- [Task goal] Retrieve each line that contains the word "Used" from the entries below.

- [Dataset records]
•••

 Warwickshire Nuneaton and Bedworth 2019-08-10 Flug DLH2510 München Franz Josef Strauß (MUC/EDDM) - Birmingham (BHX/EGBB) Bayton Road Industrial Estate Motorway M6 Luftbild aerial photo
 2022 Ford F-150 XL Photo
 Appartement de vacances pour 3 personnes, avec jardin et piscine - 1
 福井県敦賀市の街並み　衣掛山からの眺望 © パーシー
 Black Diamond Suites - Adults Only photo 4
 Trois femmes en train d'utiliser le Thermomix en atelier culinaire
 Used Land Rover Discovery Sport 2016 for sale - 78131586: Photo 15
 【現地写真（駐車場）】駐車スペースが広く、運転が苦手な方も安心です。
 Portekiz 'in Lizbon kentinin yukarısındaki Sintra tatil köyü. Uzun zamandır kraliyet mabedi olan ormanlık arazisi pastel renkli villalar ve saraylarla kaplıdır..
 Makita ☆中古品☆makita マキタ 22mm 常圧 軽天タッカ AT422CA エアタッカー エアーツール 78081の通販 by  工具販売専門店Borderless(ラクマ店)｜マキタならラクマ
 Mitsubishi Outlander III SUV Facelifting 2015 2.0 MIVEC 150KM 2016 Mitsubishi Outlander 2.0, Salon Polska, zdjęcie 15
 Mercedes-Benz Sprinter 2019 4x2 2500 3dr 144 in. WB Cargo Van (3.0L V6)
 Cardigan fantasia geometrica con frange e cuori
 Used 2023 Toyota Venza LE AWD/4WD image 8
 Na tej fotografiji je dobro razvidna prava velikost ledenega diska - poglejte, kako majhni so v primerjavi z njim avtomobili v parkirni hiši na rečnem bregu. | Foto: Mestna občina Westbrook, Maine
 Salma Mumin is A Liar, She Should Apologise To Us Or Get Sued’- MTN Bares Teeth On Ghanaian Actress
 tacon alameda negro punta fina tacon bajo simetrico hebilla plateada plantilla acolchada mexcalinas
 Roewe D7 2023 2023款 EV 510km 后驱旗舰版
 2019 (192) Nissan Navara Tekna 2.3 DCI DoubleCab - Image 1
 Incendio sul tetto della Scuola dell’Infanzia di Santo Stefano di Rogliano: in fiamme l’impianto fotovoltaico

•••

- [Solution for this exercise]
 Used Land Rover Discovery Sport 2016 for sale - 78131586: Photo 15
 Used 2023 Toyota Venza LE AWD/4WD image 8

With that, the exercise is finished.